Your task: Exactly the lines from the line that has "Thermostat Connecté, Tuya" through the final line below are to be retyped, and the pictures are not.

Supplied records:
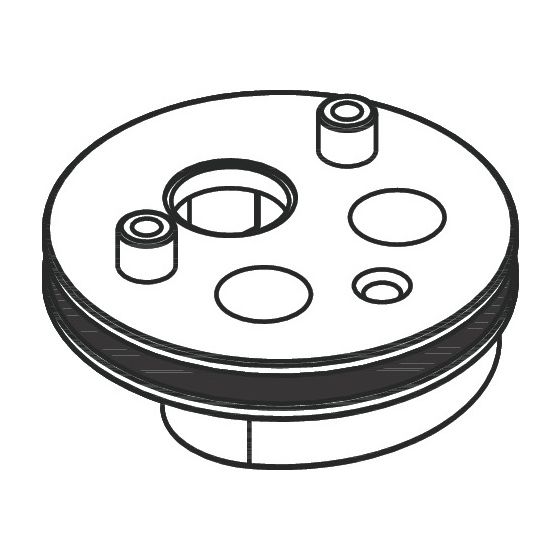 Hansgrohe Adapter M3 Waschtischmischer Chrom, O-Ring 35x2,5mm, 97214000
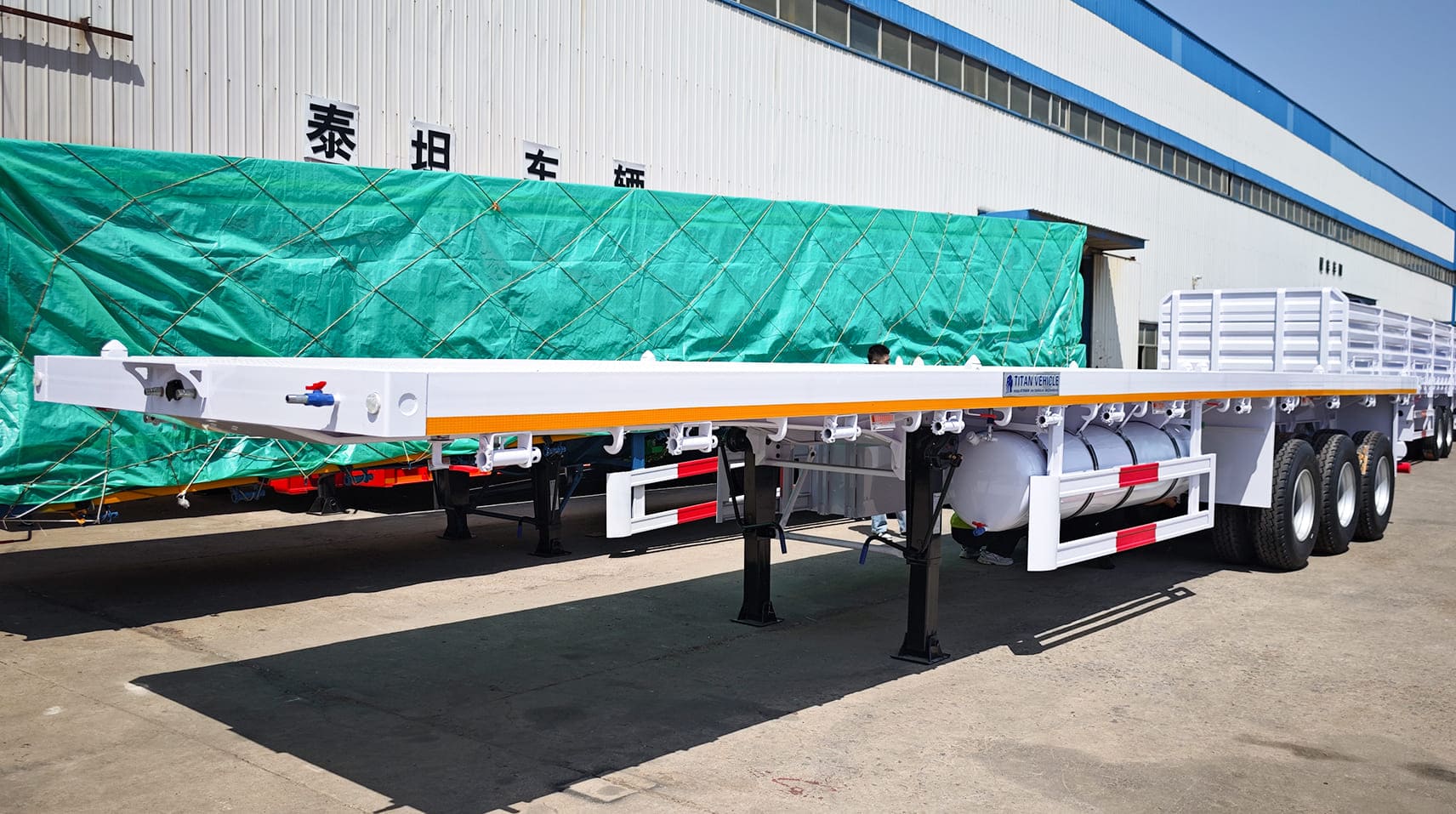 Flatbed Trailer for Sale Near Me | 40 Ft Flatbed Trailer 3 Axle in Jamaica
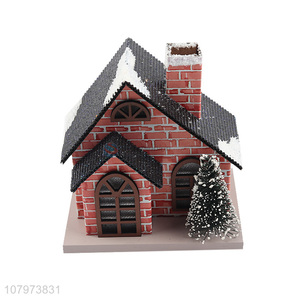 New arrival led light European style retro house for Christmas decoration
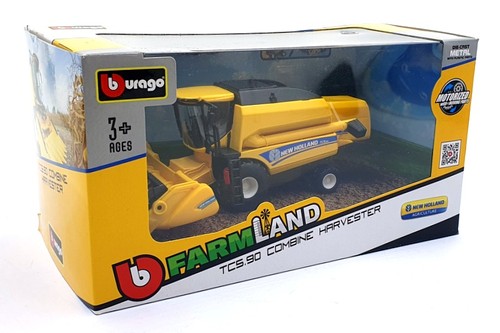 Burago 18cm long 18-31721 - New Holland TCS.90 Combine Harvester - Yellow - Picture 5 of 5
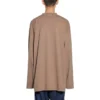 Μακρυμάνικο Oversized T-shirt Caps «Khaki» 681046TNVL17761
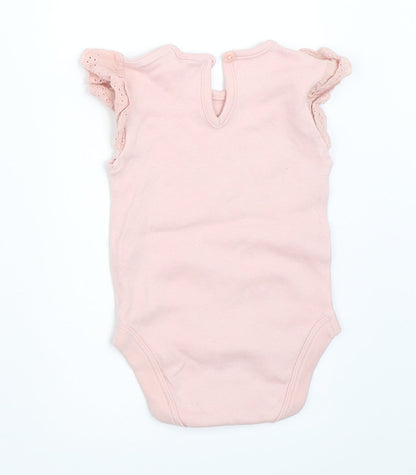 George Girls Pink   Babygrow One-Piece Size 3-6 Months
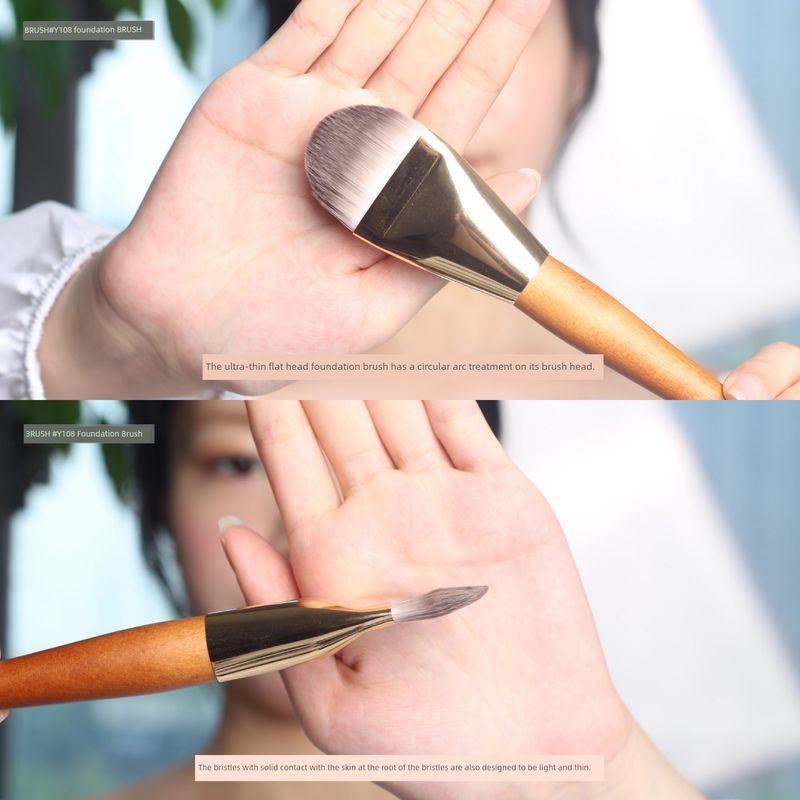 Offer: 200 Ultra-Thin and Wide Foundation Brushes, Tongue-Shaped Foundation Brushes, Flat Head Mask Brushes, Makeup Brushes for Even Application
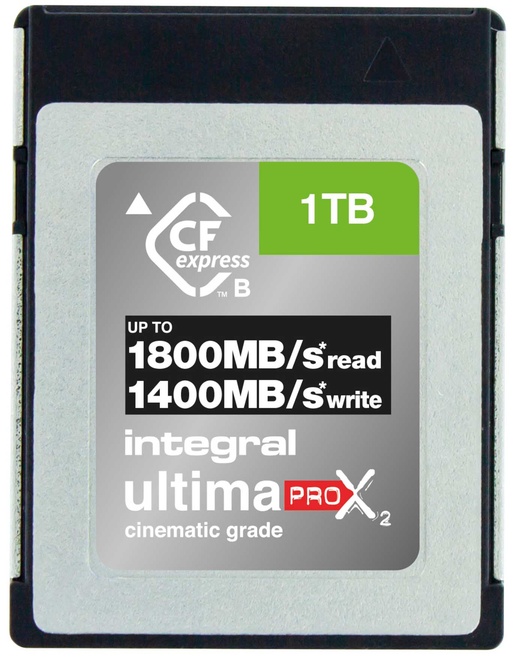 INTEGRAL<br/>CFEXPRESS 1TB TYPE B 2.0 CINEMATIC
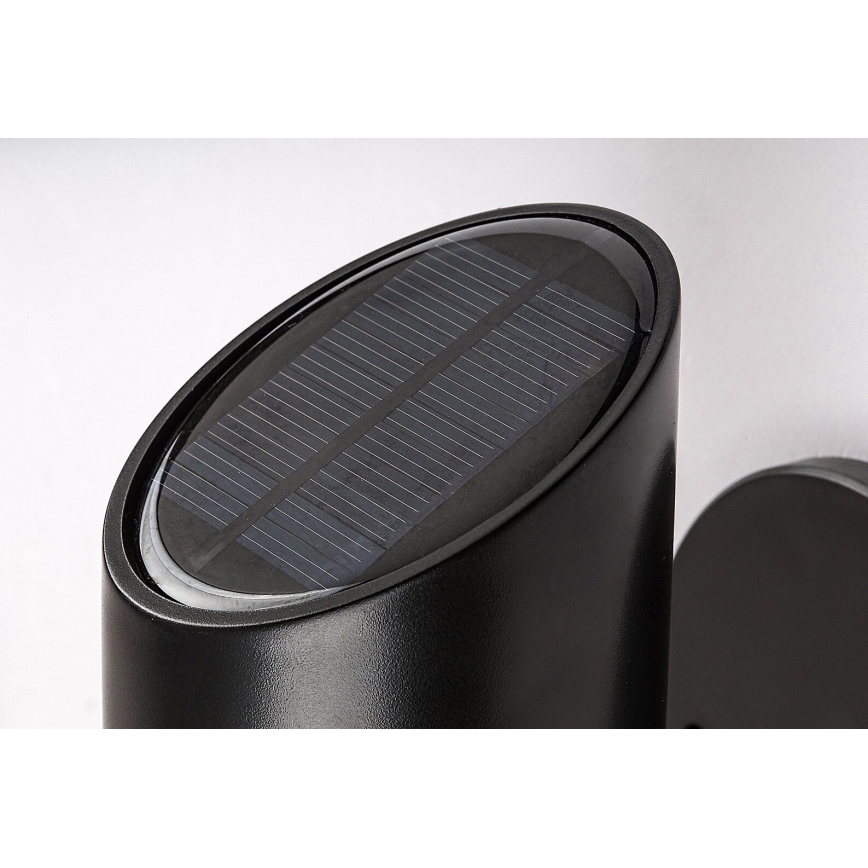 Rabalux - Applique murale solaire RGB avec détecteur LED/1W/3,7V IP44 noir
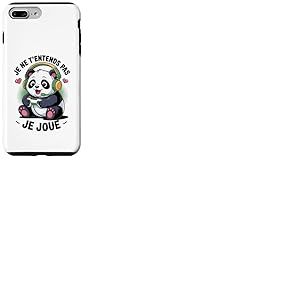 Rigolote Gamer Jeux Video Gameur Panda Geek Gaming Coque pour iPhone 7 Plus/8 Plus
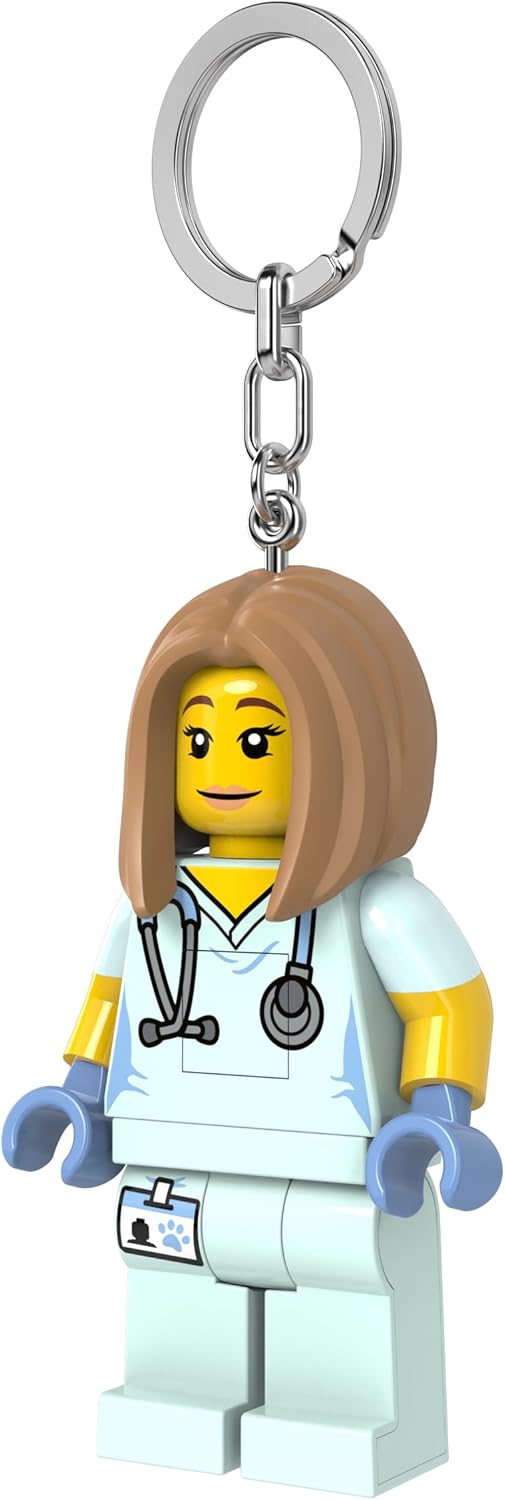 LEGO Iconic LED Flashlight Keychain for Iconic Fans - Novelty Toy for Kids - 76mm Figure - 2 CR2025 Batteries Included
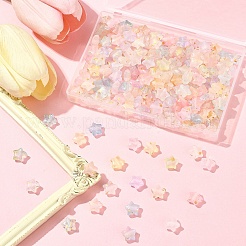 200Pcs Gradient Color Transparent Acrylic Beads&nbsp;MACR-FS0002-03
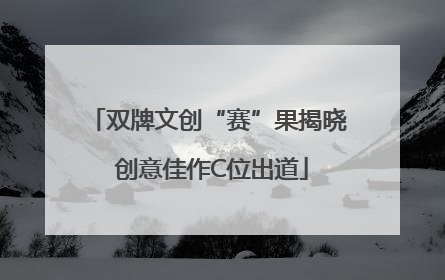 双牌文创“赛”果揭晓 创意佳作C位出道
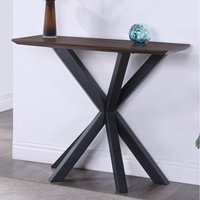 Narva Wooden Rectangular Console Table In Walnut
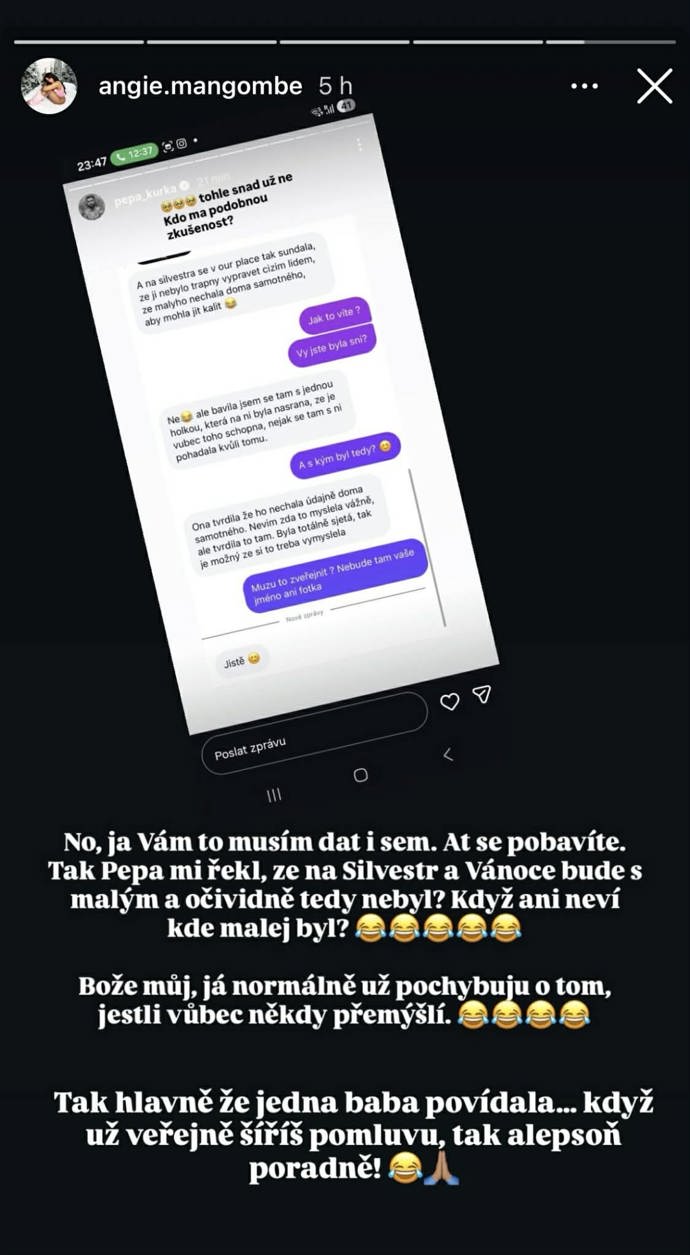 Angie Mangombe se brání.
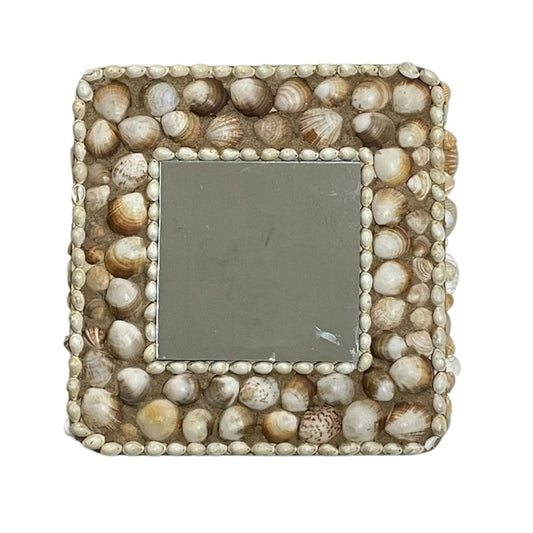SIN MARCA Espejo Beige Medida 31 cm x 28 cm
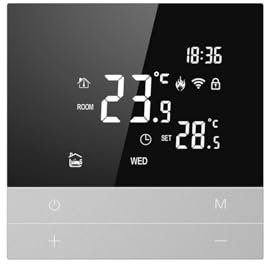 Thermostat Connecté, Tuya Thermostat intellint Plancher électrique/chauffa d'eau/chaudière à gaz régulateur de température,pour la Maison(3A WiFi Water Heating)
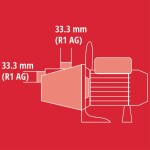 Einhell GC GP 6538 / Zahradní čerpadlo / 650W / Kapacita 3.8000 l-h / Tlak 3.6 bar / Samonasávací výška 8 m (4180280)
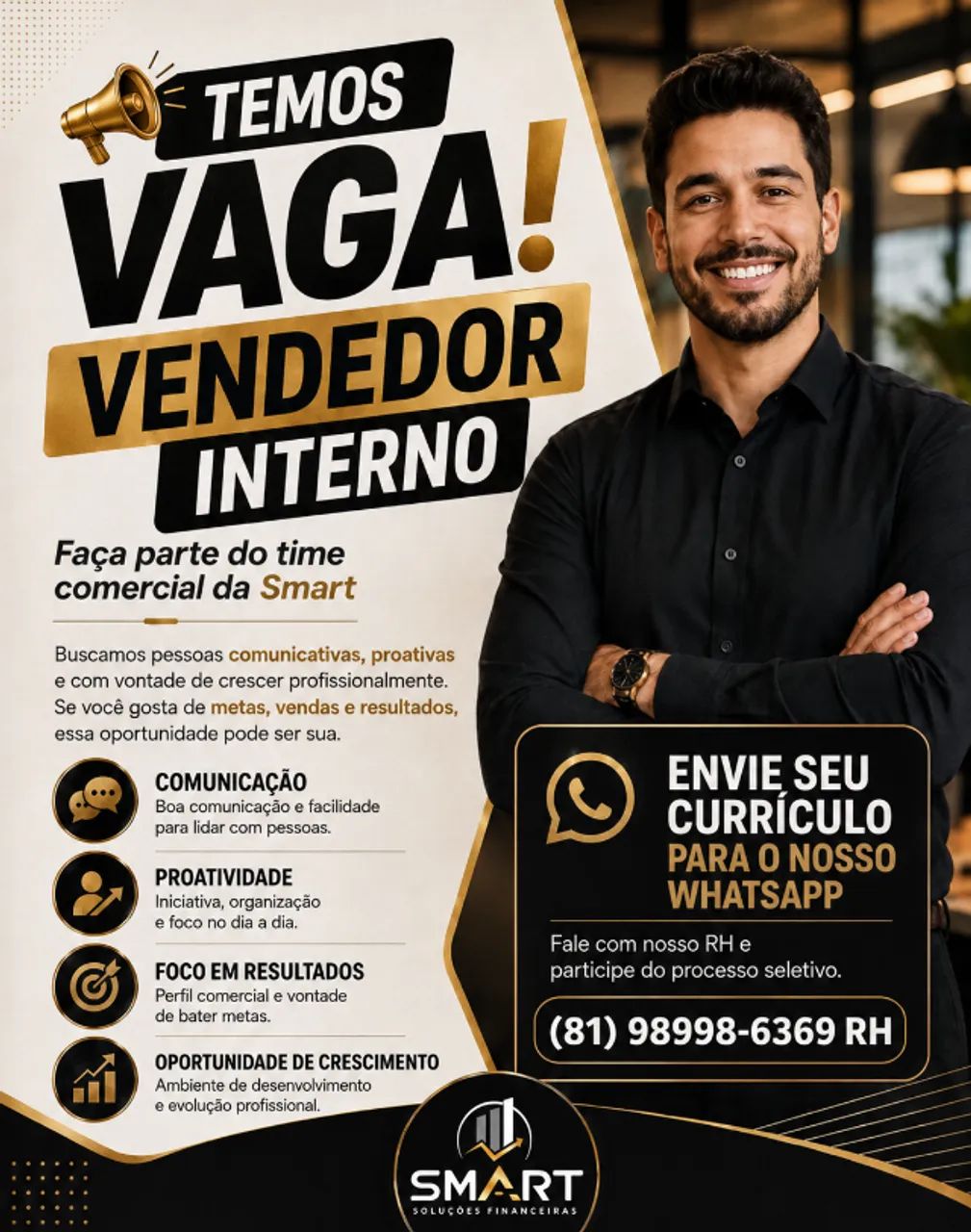 Vagas / Vendedor(a) interno Com e Sem Experiencia 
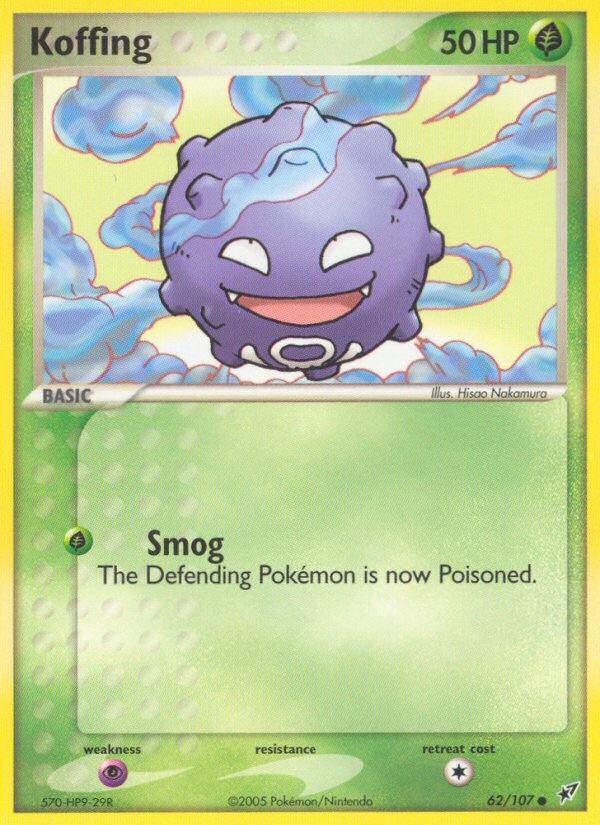 Koffing (62/107) [EX: Deoxys] | Exor Games Truro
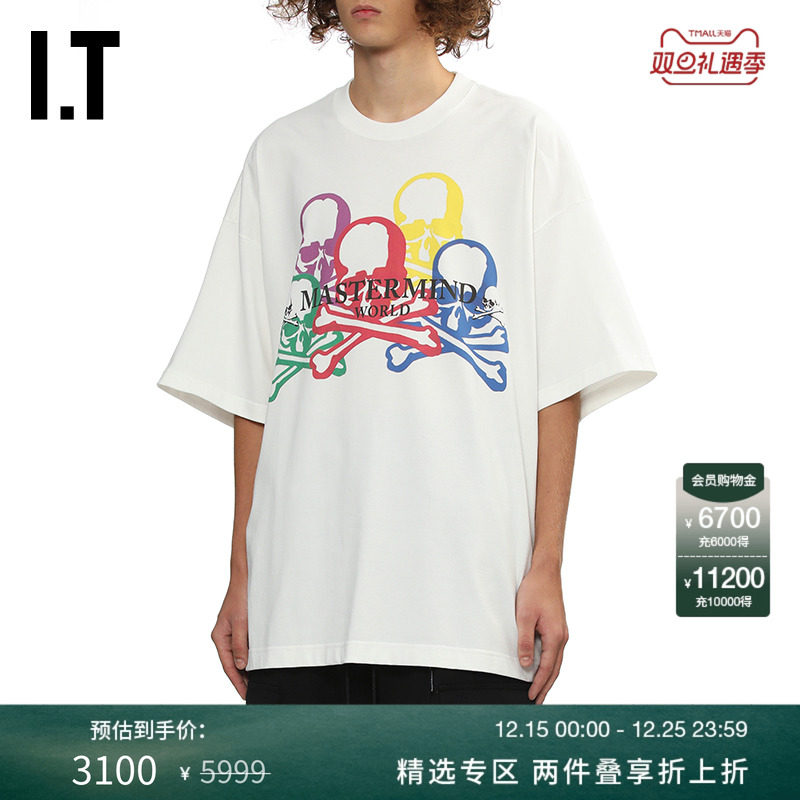 ITMASTERMINDWORLD廓形短袖T恤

Answer box:
 Thermostat Connecté, Tuya Thermostat intellint Plancher électrique/chauffa d'eau/chaudière à gaz régulateur de température,pour la Maison(3A WiFi Water Heating)
 Einhell GC GP 6538 / Zahradní čerpadlo / 650W / Kapacita 3.8000 l-h / Tlak 3.6 bar / Samonasávací výška 8 m (4180280)
 Vagas / Vendedor(a) interno Com e Sem Experiencia 
 Koffing (62/107) [EX: Deoxys] | Exor Games Truro
 ITMASTERMINDWORLD廓形短袖T恤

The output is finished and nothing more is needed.